1. Factoring trinomial

$\displaystyle x^2&+5x&+4$
$\displaystyle (x+4)(x+1)$

2. Re: Factoring trinomial

I guess the second degree polynomial has to be: $\displaystyle x^2+5x+4$, in that case your answer is correct.

3. Re: Factoring trinomial

Originally Posted by Siron
I guess the second degree polynomial has to be: $\displaystyle x^2+5x+4$, in that case your answer is correct.
Sorry for that You are right

No problem!

5. Re: Factoring trinomial

Originally Posted by Siron
No problem!
I'm sorry to bother you but I'm know on my second set , and the instructions are (Factor the trinomial. If the trinomial cannot be factored say so.).
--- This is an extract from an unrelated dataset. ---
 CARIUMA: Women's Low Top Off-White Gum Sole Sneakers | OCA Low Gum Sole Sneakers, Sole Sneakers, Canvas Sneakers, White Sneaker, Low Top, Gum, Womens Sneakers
The Trinomial is$\displaystyle 2x^2+7x+3$

I tried $\displaystyle (2X+1)(X+3)$ But obviously there wasn't even a point to try that.

6. Re: Factoring trinomial

You're not bothering me . And your answer is correct again. You can check it by yourself by expanding: $\displaystyle (2x+1)(x+3)=2x^2+x+6x+3=2x^2+7x+3$ which is the given polynomial.
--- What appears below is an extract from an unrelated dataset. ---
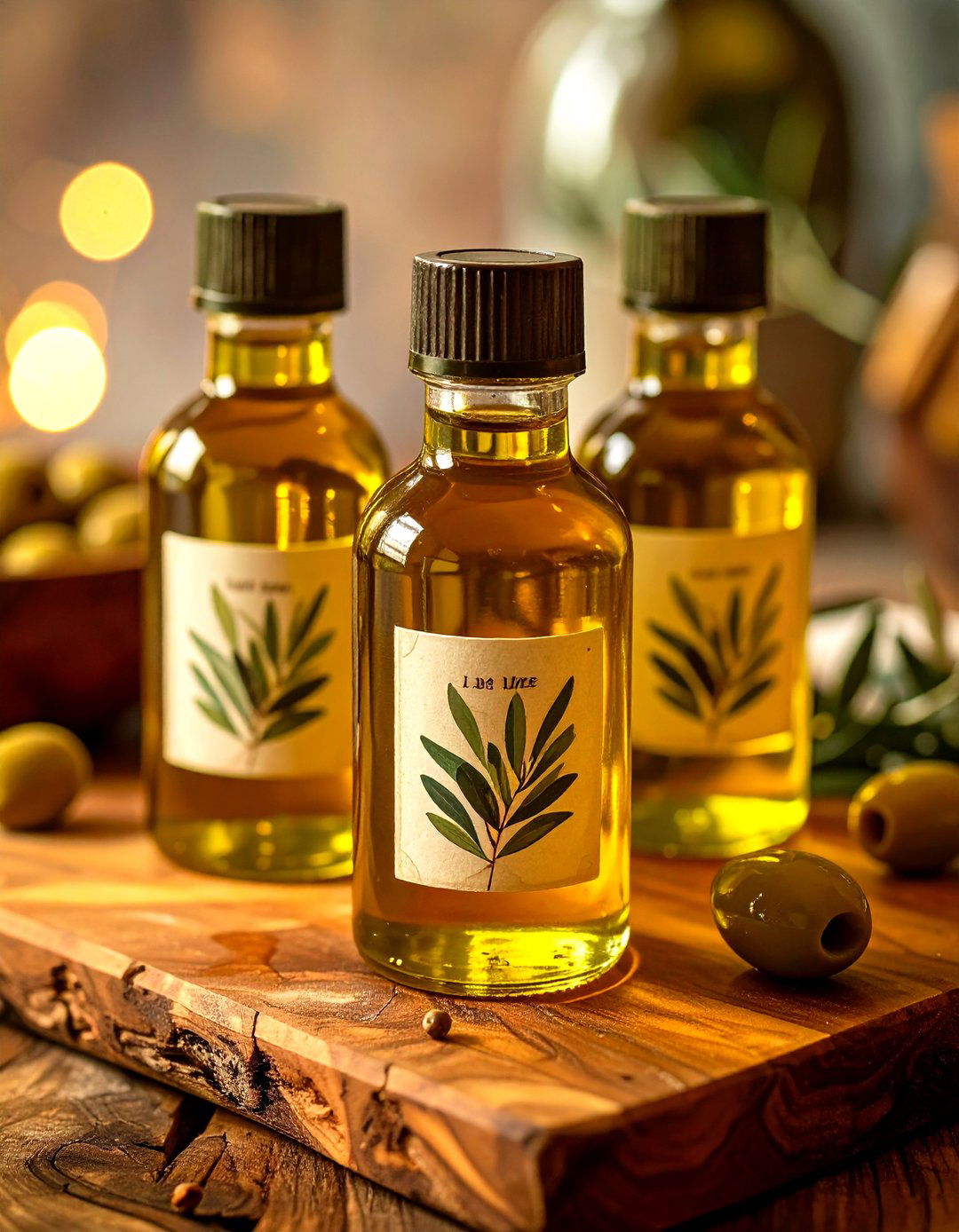 Mini Olive Oil Bottle Favors - 30 baby shower party favor ideas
7. Re: Factoring trinomial

Originally Posted by Siron
You're not bothering me . And your answer is correct again. You can check it by yourself by expanding: $\displaystyle (2x+1)(x+3)=2x^2+x+6x+3=2x^2+7x+3$ which is the given polynomial.
Sorry for my lack of understanding and communicating in english but therefore it cannot be factored since 3+1 is 4?
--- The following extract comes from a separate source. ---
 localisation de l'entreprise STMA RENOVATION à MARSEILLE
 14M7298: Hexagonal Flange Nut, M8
8. Re: Factoring trinomial

You don't have to excuse and 3+1 is indeed 4 but in this case it's 3x1 which is 3.

9. Re: Factoring trinomial

Originally Posted by Siron
You don't have to excuse and 3+1 is indeed 4 but in this case it's 3x1 which is 3.
But doesn't it also have to be equal to 7 when you add it?
or since there is a coefficient on the $\displaystyle x^2$ the rules change?